5 Yet because this widow troubleth me, I will avenge her, lest by her continual coming she weary me

I am the widow who wearied BYU by my continual coming.

Despite my initial rejection, I have been accepted into BYU! I will let you all choose what to believe. I visited Provo over spring break. This is how I got in:

  1. I nailed my 95 thesis to the door of the Wilkinson Center on BYU campus, detailing why I should get in.
  2. I went into the admissions office and threw a fit, flipping over tables and shouting my qualifications.
  3. I happened to see President Cecil O. Samuelson in an elevator while taking a tour of campus. I explained that I was there visiting my brother and that I had been rejected. We had an interview and he pulled some strings.
  4. I wrote a dishonest email to BYU admissions, saying that I was married to someone that had been accepted, and urging them to change their minds.
  5. Magic.

You choose which you will believe. Remember that on a test, the longest answer is usually the right one. :)

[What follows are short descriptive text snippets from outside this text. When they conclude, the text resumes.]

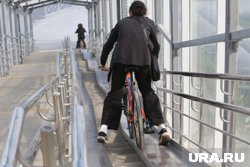 Дети играются на надземном переходе в Тюмени, у которого обвалилась обшивка 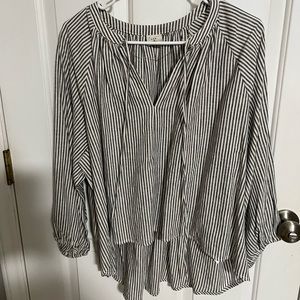 Black white striped shirt, cropped in front, longer in back.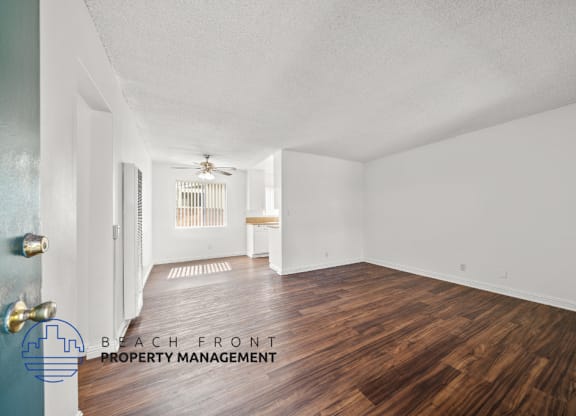 a living room with a vinyl planks floor and white walls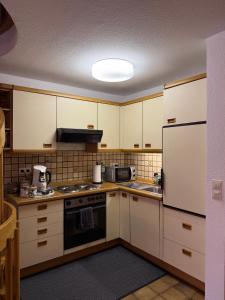 Kuchyň nebo kuchyňský kout v ubytování Ferienhaus Allgäu in Center Parc Nähe - Stadtnah - Parkplatz - Balkon + 7 fotografií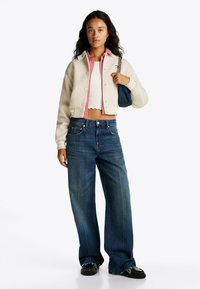 Cremefarvet cropped bomberjakke over en rødstribet skjorte med knapper, parret med brede mørkeblå jeans. Accessoriseret med en marineblå taske.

However, the important thing is I GOT IN! I am signed up for the summer term.

On a related note, Mustache March is over! I am now clean shaven.

I must admit that I was glad to be rid of the thing. Here is a visual time line of my face.




What I wish I could look like with a mustache:

What I really look like:


YIKES!!! I went from a nice, clean shaven dude... to that ^.

I have been through the valley of the shadow of scruff, and because I emerged looking like a sex-offender I will never do it again.
BYU here I come!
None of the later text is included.